**Problem requirements**.
In the records that follow, skip the pictures and print everything else exactly.

**Provided records**.

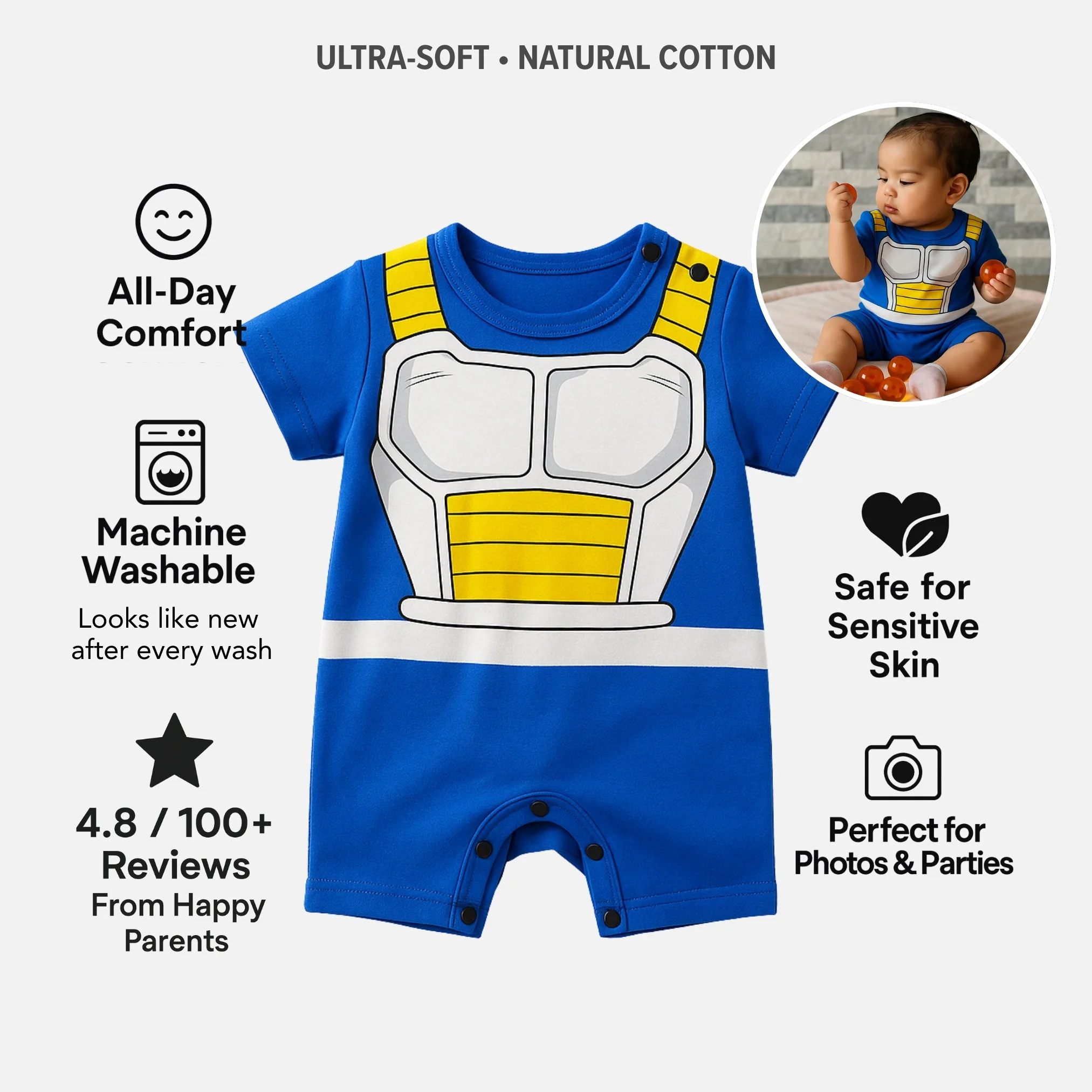 AMA™ Little Vegeta Kids Onesie - Image 4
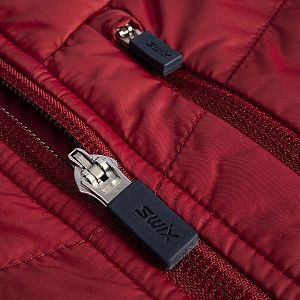 Swix Dynamic Hybrid Insulated Jacket W rhubarb red/Swix red detail zip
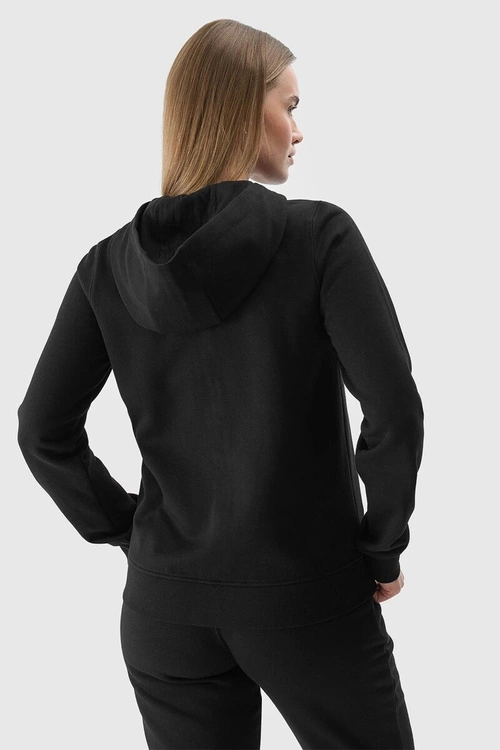 Bluza Damska Dresowa Z Kapturem Rozpinana Bawełniana 4F Czarna 4FWMM00TSWSF1467-20S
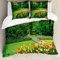 ABAKUHAUS Frühling Bettwäsche Set für Doppelbetten, Garten mit Tulpen Bäume, Weicher Microfaserstoff Allegigeignet kein Verblassen, Grün und Rot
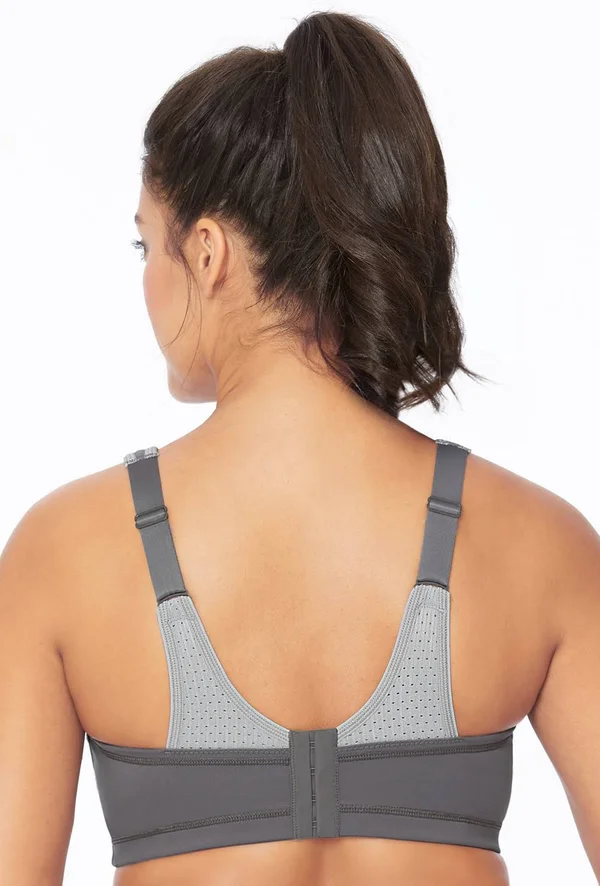 Glamorise 9167 Elite Performance Adjustable Underwire Sports Bra Grey
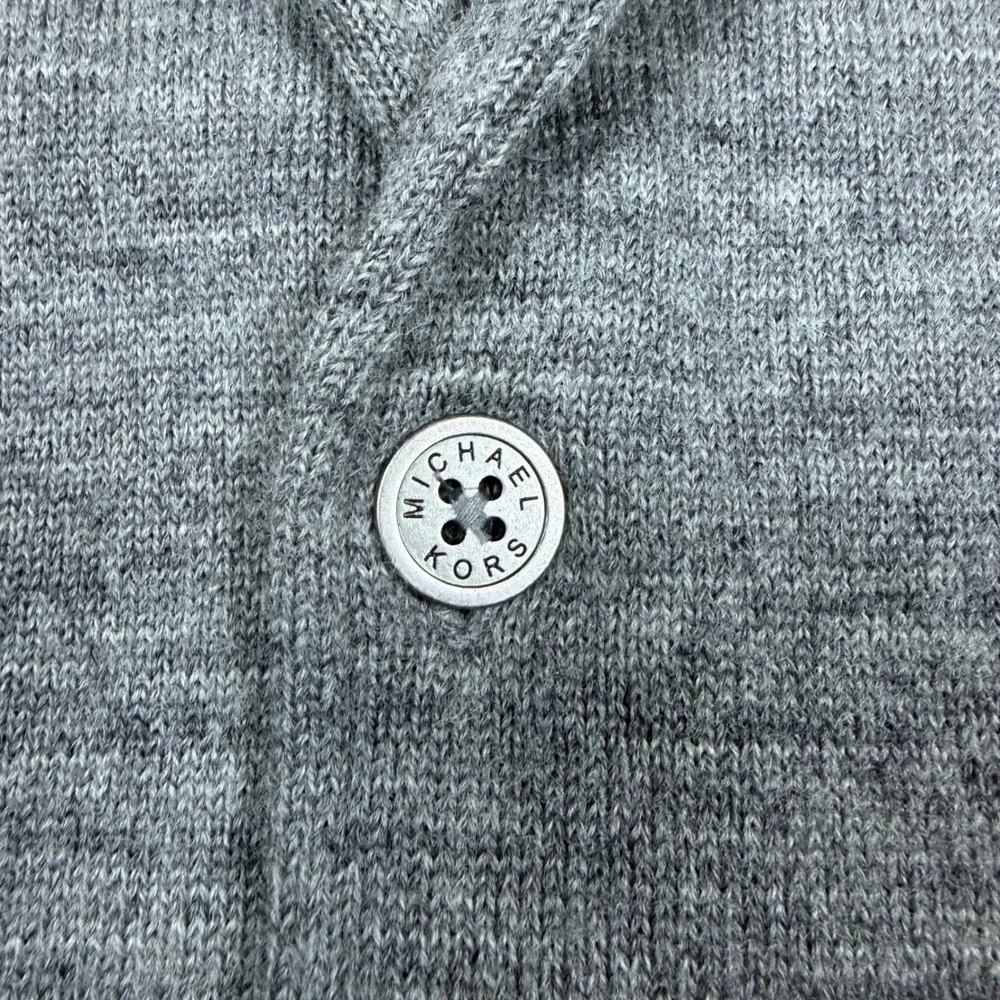 Michael Kors Knit Blazer Mens Large Gray 100% Wool 2-Button Sweater Jacket F28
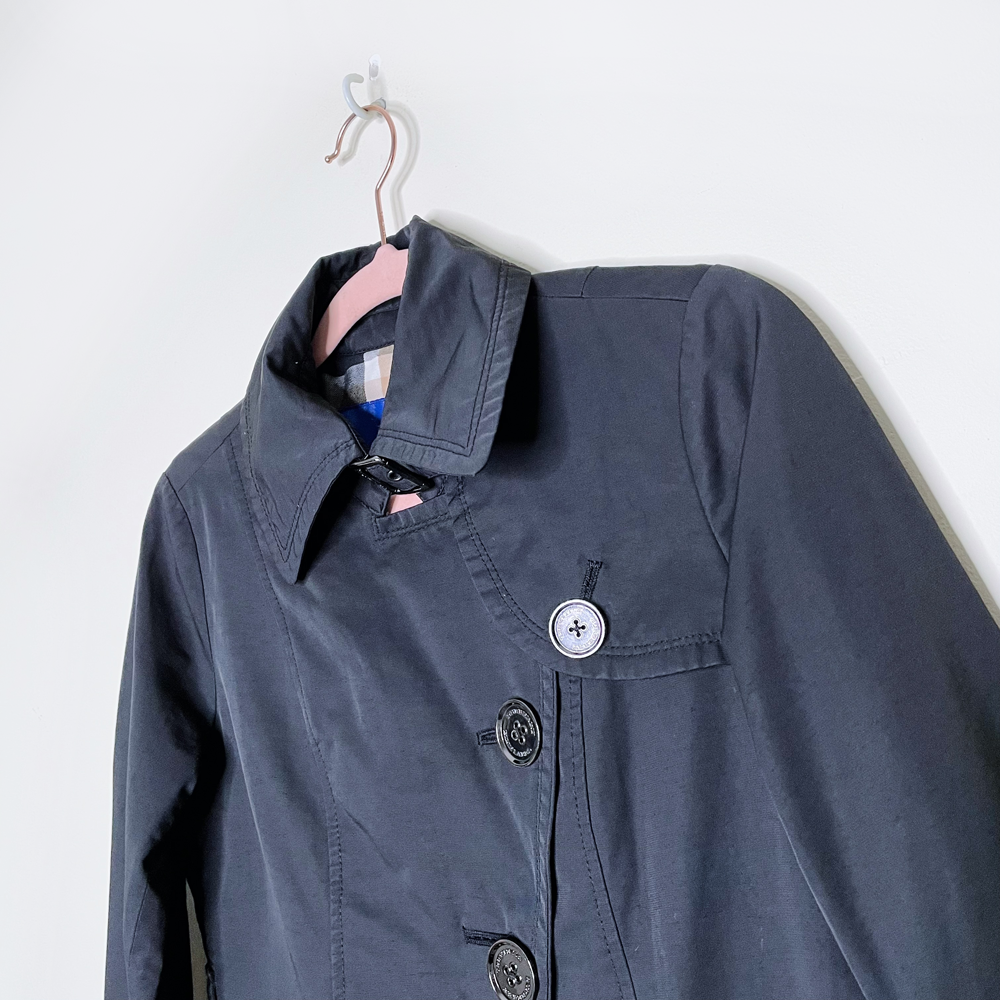 burberry blue label black trench coat with check lining - size 36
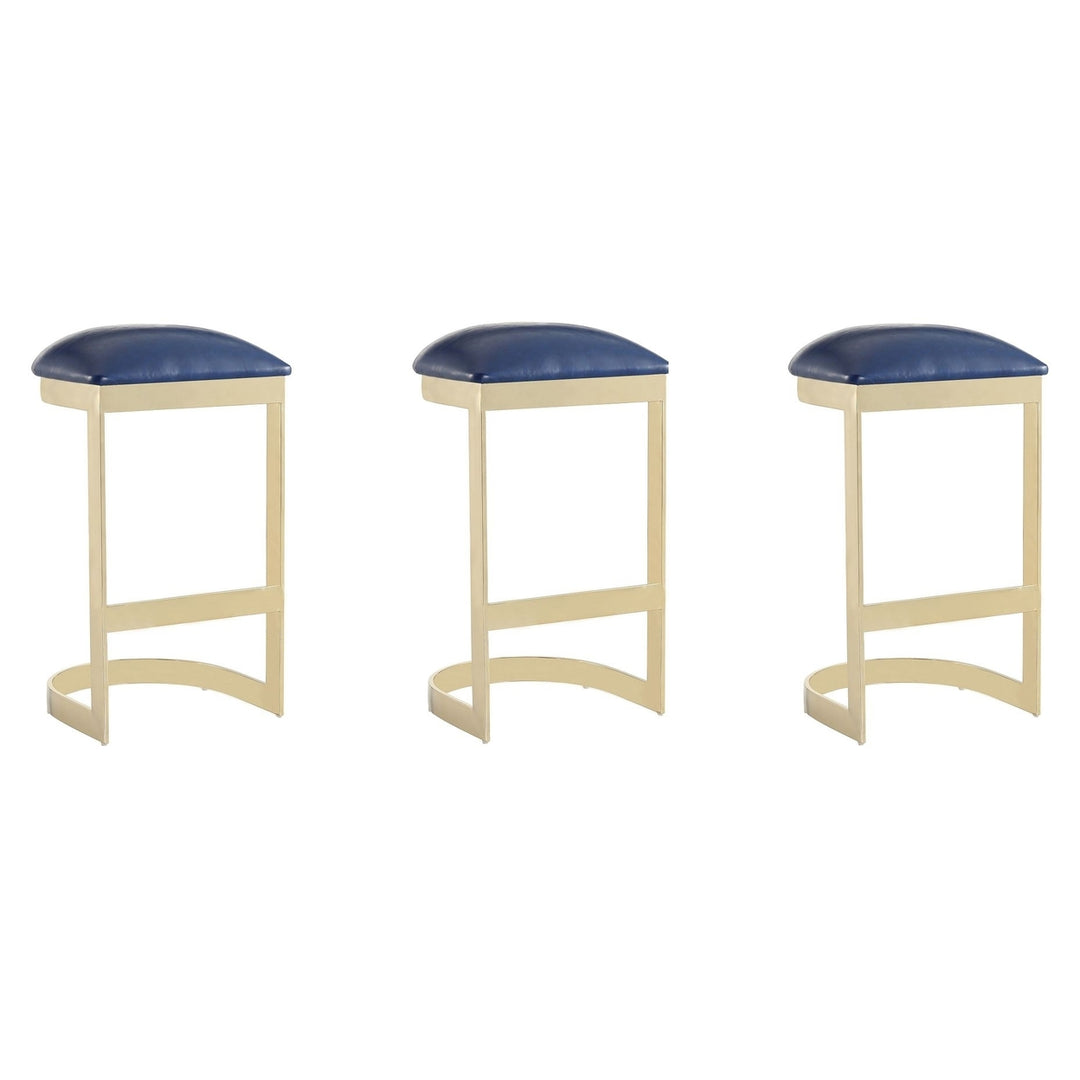 Aura Bar Stool Set of 3 28.54in White Polished Brass Stainless Steel Image 1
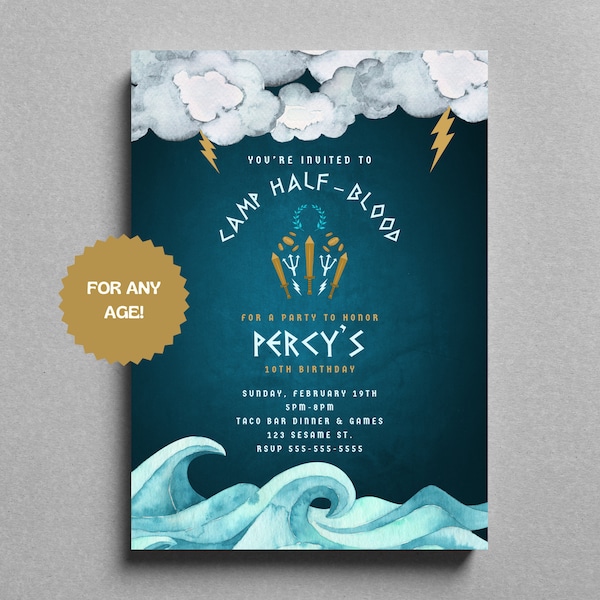 Percy Jackson Camp Half-Blood Inspired Birthday Invitation | Instant Download | Editable Template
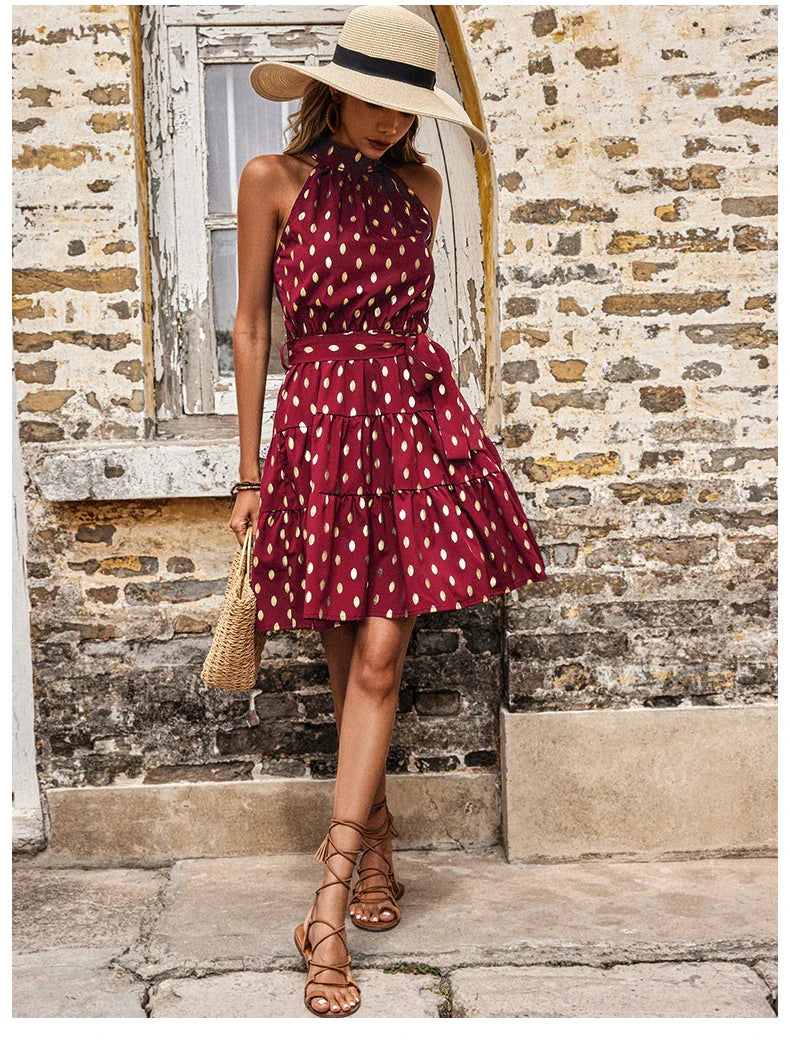 Sleeveless Dot Print Midi Dress With A Line Silhouette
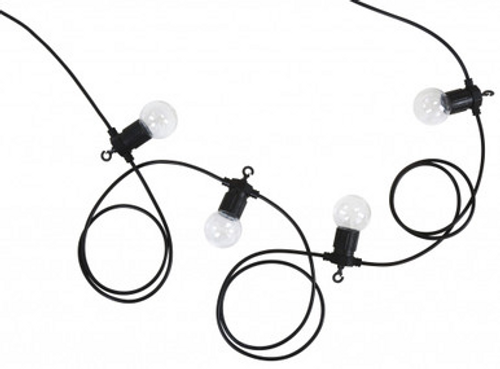 Black twenty-light festoon with clear diffusers Black twenty-light festoon with clear diffusers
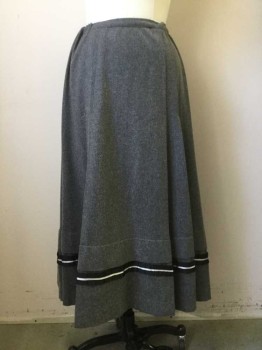N/L, Gray, Black, White, Wool, Polyester, Solid, Drawstring Waist with Fixed Panel in Front, Stitched Down Vertical Tucks Front, Pleated Grosgrain Band at Hem,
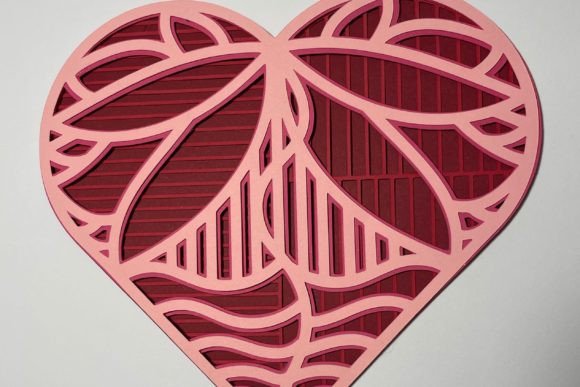 Hearts with Lines and Leaves: 3D SVG for Holidays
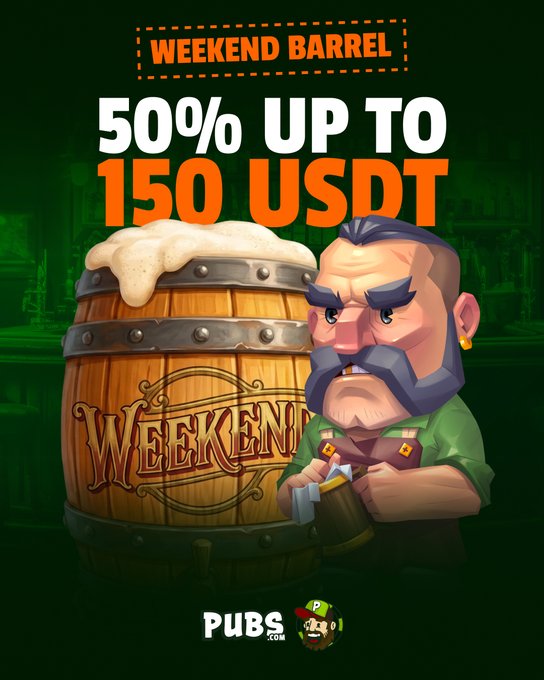 A promotional graphic for 'PUBS.com' featuring a cartoon character with a beard holding a beer mug next to a wooden barrel, advertising 'WEEKEND BARREL' with '50% UP TO 150 USDT'.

**Expected output**.
 AMA™ Little Vegeta Kids Onesie - Image 4
 Swix Dynamic Hybrid Insulated Jacket W rhubarb red/Swix red detail zip
 Bluza Damska Dresowa Z Kapturem Rozpinana Bawełniana 4F Czarna 4FWMM00TSWSF1467-20S
 ABAKUHAUS Frühling Bettwäsche Set für Doppelbetten, Garten mit Tulpen Bäume, Weicher Microfaserstoff Allegigeignet kein Verblassen, Grün und Rot
 Glamorise 9167 Elite Performance Adjustable Underwire Sports Bra Grey
 Michael Kors Knit Blazer Mens Large Gray 100% Wool 2-Button Sweater Jacket F28
 burberry blue label black trench coat with check lining - size 36
 Aura Bar Stool Set of 3 28.54in White Polished Brass Stainless Steel Image 1
 Percy Jackson Camp Half-Blood Inspired Birthday Invitation | Instant Download | Editable Template
 Sleeveless Dot Print Midi Dress With A Line Silhouette
 Black twenty-light festoon with clear diffusers Black twenty-light festoon with clear diffusers
N/L, Gray, Black, White, Wool, Polyester, Solid, Drawstring Waist with Fixed Panel in Front, Stitched Down Vertical Tucks Front, Pleated Grosgrain Band at Hem,
 Hearts with Lines and Leaves: 3D SVG for Holidays
 A promotional graphic for 'PUBS.com' featuring a cartoon character with a beard holding a beer mug next to a wooden barrel, advertising 'WEEKEND BARREL' with '50% UP TO 150 USDT'.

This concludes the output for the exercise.